Justin Mason wrote:
Daryl C. W. O'Shea writes:
The zone's nightly-mc corpus (uploaded corpora) are this big (in KB):
2 /export/home/bbmass/rawcor/doc
19760 /export/home/bbmass/rawcor/fredt
6764040 /export/home/bbmass/rawcor/jm (mostly spam, since May 2007)
209393 /export/home/bbmass/rawcor/zmi
so that's pretty big. In terms of disk space usage, that probably
wouldn't take much space to cp -al; but it'd take a fair bit of time,
esp on the zone, which has serious I/O bottleneck problems.
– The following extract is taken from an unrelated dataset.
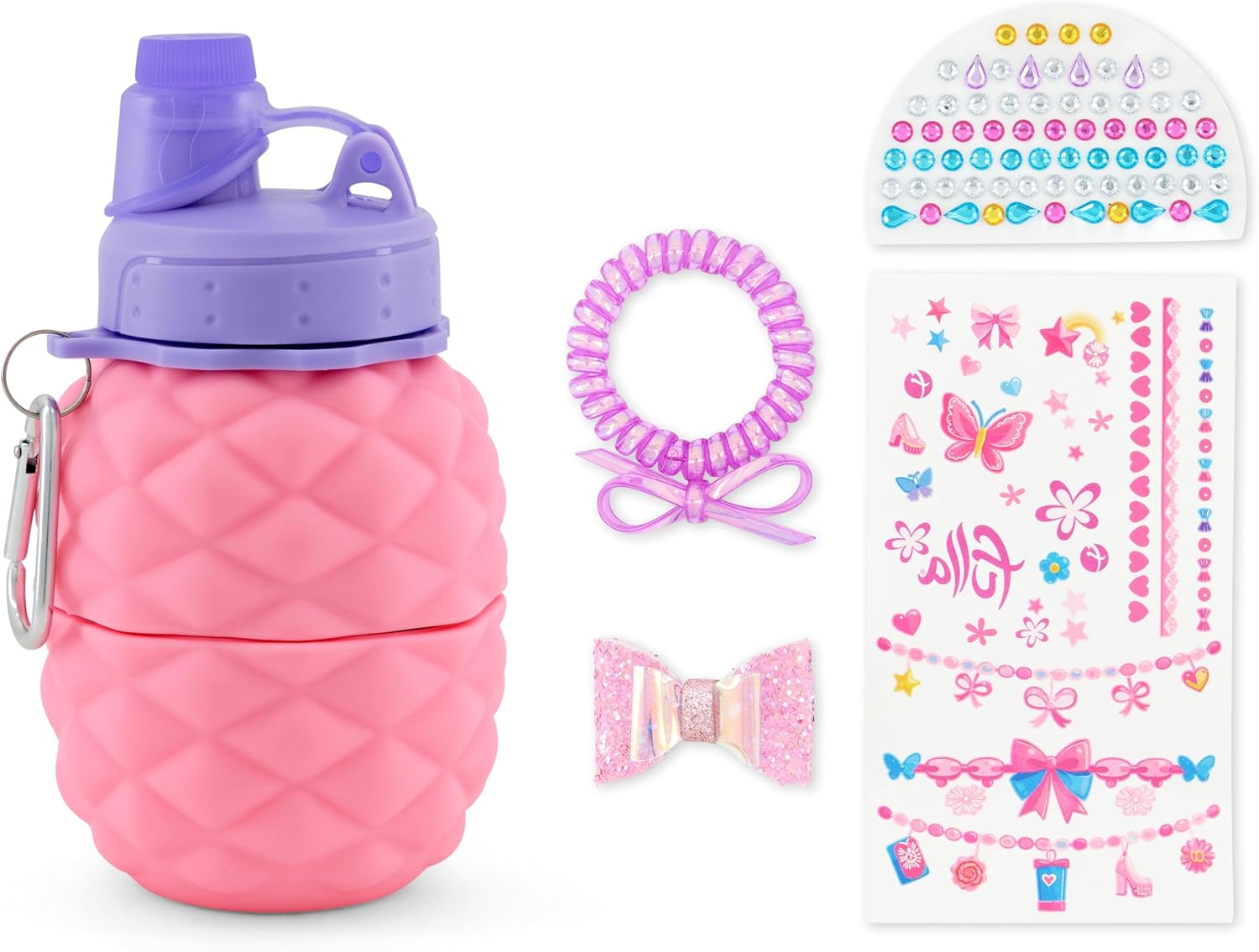 Fulla Expandable Water Bottle for Kids, Collapsible Silicone Cup with Butterfly Hair Clip, Tattoo Sticker & Gem Sheet, Ages 5+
As an aside, if bandwidth is free, the whole mass-check will run quite a
bit faster if you rsync the corpus to each of the slaves. Of course
that assumes you've got the disk space and i/o to spare (i/o you may
already have if /tmp isn't a ramdisk).
yeah, rsyncing about 7GB of corpora, nightly, would definitely be slow ;)
Not really, it's probably less than 100MB change a day. My current
personal spam corpus is 2.1 GB over the last 60 days. Rsync'ing it
nightly with my 128kbit upload speed doesn't take very long. If the
objective is to get our disk i/o usage down on the zone this would make
a serious difference.
Daryl